**Supplied information:**
——————

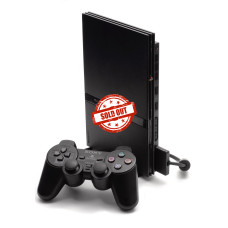 Play Station 2 (PS2) Konsole Slim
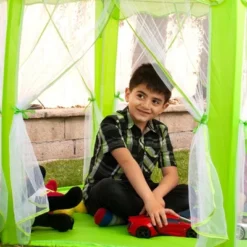 Ningbo Zhongying Leisure Products Green Hexagon Fantasy Castle Play Tent | 53 X 47 X 55 Inches -Kids Toys Store GUEST 829cc13c 64a4 4d9f 90af 928c74d21fe1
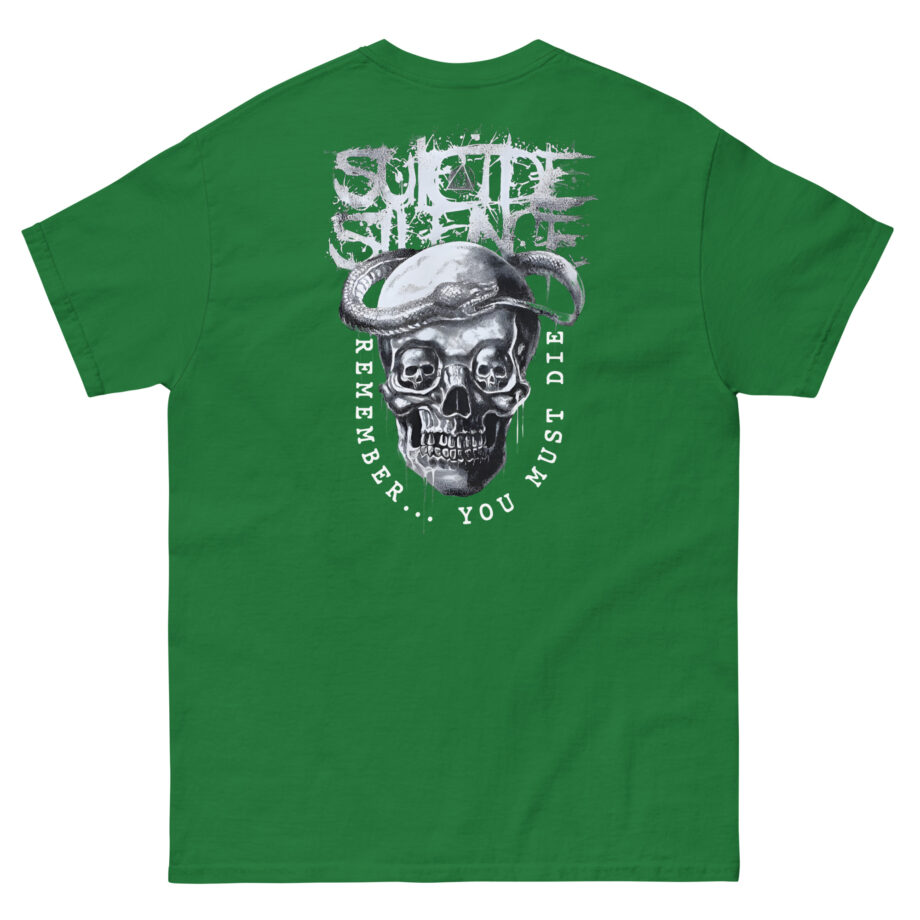 Suicide Silence Rymd Snake Skull Unisex classic tee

——————

**What you are asked to do:**
Please, leaving out all pictures, transcribe exactly the lines above from the one containing "Ningbo Zhongying Leisure" through the final line, both included.

**Answer box:**
 Ningbo Zhongying Leisure Products Green Hexagon Fantasy Castle Play Tent | 53 X 47 X 55 Inches -Kids Toys Store GUEST 829cc13c 64a4 4d9f 90af 928c74d21fe1
 Suicide Silence Rymd Snake Skull Unisex classic tee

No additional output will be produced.